China dan India sebagai sahabat dekat Rusia mengambil alih pangsa pasar minyak. China, meskipun tidak mengecam serangan Rusia ke Ukraina dan meminta penyegeraan gencatan senjata tetap membeli dari Moskwa. Adapun India sama sekali tidak mengeluarkan pernyataan soal invasi. Mereka beralasan bahwa kebutuhan energi nasional lebih penting sehingga membeli minyak dari Rusia adalah solusi yang menguntungkan bagi kedua belah pihak.
“Patut dipahami bahwa meskipun penjualan meningkat, omzet dan laba yang diterima Rusia berkurang,” tutur Smith.
Hal ini karena Rusia menjual minyak dengan harga diskon. Kpler mencatat, omzet Rusia per Maret 2023 adalah 12,7 miliar dollar Amerika Serikat. Jumlah ini 43 persen lebih rendah dibandingkan dengan periode yang sama di tahun 2022.
Pada Desember 2022, tujuh negara terkaya di dunia (G7) dan Australia setuju untuk memberi batas harga minyak Rusia. Harga paling mahal adalah 60 dollar AS per barel turun jauh dibandingkan harga awal 90 dollar AS per barel. Apabila Rusia menjual di atas 60 dollar, mereka dilarang menggunakan jalur laut maupun kapal-kapal yang terdaftar di bawah negara-negara Eropa.
Akibat keputusan itu, Organisasi Negara-negara Penghasil Minyak dan Rusia (OPEC+) mengambil langkah pembalasan. Mereka sepakat mengurangi produksi minyak masing-masing dari 1 juta barel per hari menjadi setengahnya. Bahkan, Rusia hanya memproduksi 290.000 barel per hari.
Media ekonomi Bloomberg memperkirakan bahwa pada triwulan keempat tahun 2023 dunia akan mengalami defisit minyak mentah, hingga 2 juta barel per hari. Padahal, harga minyak sudah naik 20 persen di awal Maret 2023. Jika harga terus naik, komoditas lain juga terus naik dan inflasi global tidak akan selesai.

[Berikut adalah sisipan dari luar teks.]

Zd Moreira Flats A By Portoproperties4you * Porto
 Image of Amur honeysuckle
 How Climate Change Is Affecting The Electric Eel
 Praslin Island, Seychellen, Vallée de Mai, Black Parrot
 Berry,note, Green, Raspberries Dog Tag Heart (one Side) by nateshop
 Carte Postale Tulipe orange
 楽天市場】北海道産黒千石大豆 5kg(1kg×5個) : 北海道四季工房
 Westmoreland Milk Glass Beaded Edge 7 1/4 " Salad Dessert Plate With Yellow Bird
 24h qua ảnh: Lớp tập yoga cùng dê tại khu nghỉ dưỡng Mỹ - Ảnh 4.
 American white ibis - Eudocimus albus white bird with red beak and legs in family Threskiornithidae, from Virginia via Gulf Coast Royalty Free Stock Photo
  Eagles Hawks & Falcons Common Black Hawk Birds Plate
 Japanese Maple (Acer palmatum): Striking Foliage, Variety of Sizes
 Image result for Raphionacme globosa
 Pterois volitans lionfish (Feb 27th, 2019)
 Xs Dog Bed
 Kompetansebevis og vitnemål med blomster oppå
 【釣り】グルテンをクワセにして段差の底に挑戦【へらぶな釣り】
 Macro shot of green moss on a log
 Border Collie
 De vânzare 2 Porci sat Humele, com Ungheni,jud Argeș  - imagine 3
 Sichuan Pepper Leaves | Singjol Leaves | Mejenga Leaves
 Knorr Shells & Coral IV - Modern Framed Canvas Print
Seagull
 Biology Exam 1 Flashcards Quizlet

Sementara itu, untuk minyak olahan juga dikenakan sanksi oleh G7. Harga per barel bensin maupun solar dibatasi maksimal 100 dollar AS. Media khusus industri minyak, Oilprice.com, mencatat bahwa Afrika dan Amerika Selatan menjadi pembeli terbesar bensin dan solar dari Rusia.
Triwulan pertama 2023, ekspor bensin Rusia 1,9 juta ton. Pada tahun 2022, ekspornya adalah 1,3 juta ton. Perkiraannya, di tahun ini akan meningkat menjadi 2,2 juta ton atau hampir dua kali lipat dibandingkan dengan tahun 2022. Pengiriman dilakukan Rusia melalui pelabuhan-pelabuhan di Afrika Utara.
Firma pengawas pergerakan kapal tangker, Gibson Shipbrokers, yang bermarkas di Inggris mengeluarkan analisis bahwa walaupun ekspor Rusia meningkat, metodenya tidak efisien. “Rusia harus mencari pasar-pasar baru yang lebih jauh. Rute yang diambil ada yang harus memutar sehingga biaya operasional tidak efisien,” kata laporan tersebut. (Reuters)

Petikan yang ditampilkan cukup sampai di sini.